I need to parse the tokens from a GS1 UDI format string:
"(20)987111(240)A(10)ABC123(17)2022-04-01(21)888888888888888"
I would like to split that string with a regex on the "(nnn)"
and have the delimiter included with the split values, like this:
[ "(20)987111", "(240)A", "(10)ABC123", "(17)2022-04-01", "(21)888888888888888" ]
Below is a JSFiddle with examples, but in case you want to see it right here:
// This includes the delimiter match in the results, but I want the delimiter included WITH the value
// after it, e.g.: ["(20)987111", ...]
str = "(20)987111(240)A(10)ABC123(17)2022-04-01(21)888888888888888";
console.log(str.split(/(\(\d{2,}\))/).filter(Boolean))
// Result: ["(20)", "987111", "(240)", "A", "(10)", "ABC123", "(17)", "2022-04-01", "(21)", "888888888888888"]
// If I include a pattern that should (I think) match the content following the delimiter I will
// only get a single result that is the full string:
str = "(20)987111(240)A(10)ABC123(17)2022-04-01(21)888888888888888";
console.log(str.split(/(\(\d{2,}\)\W+)/).filter(Boolean))
// Result: ["(20)987111(240)A(10)ABC123(17)2022-04-01(21)888888888888888"]

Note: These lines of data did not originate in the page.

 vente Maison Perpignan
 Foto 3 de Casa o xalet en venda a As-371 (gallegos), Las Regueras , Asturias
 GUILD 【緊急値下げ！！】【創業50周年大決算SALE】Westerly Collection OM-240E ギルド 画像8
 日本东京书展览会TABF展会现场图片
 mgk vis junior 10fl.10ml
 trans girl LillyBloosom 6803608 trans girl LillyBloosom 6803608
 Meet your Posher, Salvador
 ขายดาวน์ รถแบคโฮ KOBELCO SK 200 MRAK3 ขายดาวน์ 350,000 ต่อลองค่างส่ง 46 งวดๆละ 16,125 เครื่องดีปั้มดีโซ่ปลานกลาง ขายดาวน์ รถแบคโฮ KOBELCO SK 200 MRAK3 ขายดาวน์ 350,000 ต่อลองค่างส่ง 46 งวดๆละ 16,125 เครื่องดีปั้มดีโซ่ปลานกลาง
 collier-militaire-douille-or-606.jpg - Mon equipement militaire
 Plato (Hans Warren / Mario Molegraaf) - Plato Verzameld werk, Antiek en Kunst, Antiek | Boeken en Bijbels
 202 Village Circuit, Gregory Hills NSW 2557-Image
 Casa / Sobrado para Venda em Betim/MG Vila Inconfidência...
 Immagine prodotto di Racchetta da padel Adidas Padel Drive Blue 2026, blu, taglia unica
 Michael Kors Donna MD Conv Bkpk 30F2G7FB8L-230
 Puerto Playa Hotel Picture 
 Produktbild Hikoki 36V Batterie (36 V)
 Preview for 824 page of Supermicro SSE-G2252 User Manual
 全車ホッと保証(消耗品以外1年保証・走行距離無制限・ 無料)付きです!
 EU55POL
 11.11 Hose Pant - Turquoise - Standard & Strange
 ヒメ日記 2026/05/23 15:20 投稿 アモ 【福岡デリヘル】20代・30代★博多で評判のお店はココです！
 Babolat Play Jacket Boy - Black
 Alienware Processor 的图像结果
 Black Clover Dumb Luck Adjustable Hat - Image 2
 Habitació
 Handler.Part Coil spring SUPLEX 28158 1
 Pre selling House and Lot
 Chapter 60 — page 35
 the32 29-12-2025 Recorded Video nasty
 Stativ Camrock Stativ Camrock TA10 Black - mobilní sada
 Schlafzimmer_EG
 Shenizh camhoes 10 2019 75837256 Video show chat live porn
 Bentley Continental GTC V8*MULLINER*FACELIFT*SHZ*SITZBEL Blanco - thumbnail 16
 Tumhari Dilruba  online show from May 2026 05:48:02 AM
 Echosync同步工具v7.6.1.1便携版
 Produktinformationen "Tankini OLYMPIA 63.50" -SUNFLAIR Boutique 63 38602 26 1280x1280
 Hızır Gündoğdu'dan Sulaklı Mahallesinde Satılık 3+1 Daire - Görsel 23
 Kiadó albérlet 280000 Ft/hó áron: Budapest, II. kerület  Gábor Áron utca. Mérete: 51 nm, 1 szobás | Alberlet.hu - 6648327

// I think this is because I'm effectively mathching the entire string, hence a single result.
// So now I'll try to match only up to the start of the next "(":
str = "(20)987111(240)A(10)ABC123(17)2022-04-01(21)888888888888888";
console.log(str.split(/(\(\d{2,}\)(^\())/).filter(Boolean))
// Result: ["(20)987111(240)A(10)ABC123(17)2022-04-01(21)888888888888888"]
I've found and read this question, however the examples there are matching literals and I'm using character classes and getting different results.
I'm failing to create a regex pattern that will provide what I'm after. Here's a JSFiddle of some of the things I've tried: https://jsfiddle.net/6bogpqLy/
I can't guarantee the order of the "application identifiers" in the input string and as such, match with named captures isn't an attractive option.